Dr. Asaph Young Chun is a seasoned research director and senior survey methodologist dedicated to innovations, complex survey methodology, and statistics for 28 years. He worked as Research Chief for Decennial Directorate at the U.S. Census Bureau and Senior Survey Methodologist at NORC at the University of Chicago, leading large-scale administrative records research funded by the U.S. government. He currently works as Director of the Statistical Research Institute – the leading think tank of Statistics Korea, Associate Editor of Journal of Official Statistics, Program Chair of the American Statistical Association Survey Research Methods Section, and Faculty Chair/Director of the PSI Summer Institute for Data Science, Survey Methodology and Interdisciplinary Research. His areas of research and teaching are devoted to administrative records, responsive and adaptive design, nonresponse, and evidence-based decision making. Young has spearheaded administrative data research collaboration since 2010 across the Atlantic, among researchers from academia, government and industry. A forthcoming book, “Administrative Records for Survey Methodology” published by Wiley, resulted from such a synergy that he fostered as an editor-in-chief.
Survey Data Visualisation in R
Alexandru Cernat, University of Manchester, UK
Being able to present data visually is an essential skill that is relevant in all the stages of data analysis, from exploration, to model evaluation and presenting results to a general audience. In this course you will learn the basics of visualization using R. This is an open source statistical software that has a flexible and expandable visualization capabilities based on the grammar of graphics.
In this course we will cover the basics of visualization, how to do different types of graphics in R and how to consider some of the specific issues relevant to survey research, such as making graphics using complex sample designs. Finally we will discuss exciting extensions such as maps, interactive graphs, and animated figures.
While not mandatory it is recommended that you have a basic knowledge of R before joining the class to facilitate comprehension. During class you will also be provided with the syntax needed to produce the graphs you will see in class.

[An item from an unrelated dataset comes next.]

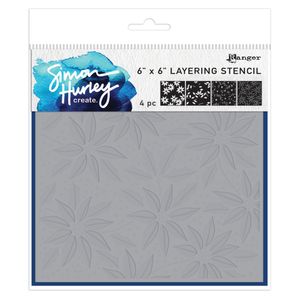 Hovedbilde Simon Hurley create. Layering ...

Dr. Alexandru Cernat is a lecturer in Social Statistics at the University of Manchester. Previously he was a Research Associate at the National Centre for Research Methods, University of Manchester where he investigated non-response in longitudinal studies with a special focus on biomarker data. He has received a PhD in survey methodology from the University of Essex working on the topic of mixed mode designs in longitudinal studies. His research interests are in: latent variable modelling, longitudinal data, measurement error, missing data and new forms of data.
More details at: www.alexcernat.com
Text Mining Applied to Open-ended Questions
Matthias Schonlau, University of Waterloo, Canada
Text data from open-ended questions in surveys are difficult to analyze and are frequently ignored. Yet open-ended questions are important because they do not constrain respondents’ answer choices. Where open-ended questions are necessary, sometimes multiple human coders hand-code answers into one of several categories. At the same time, computer scientists have made impressive advances in text mining that may allow automation of such coding.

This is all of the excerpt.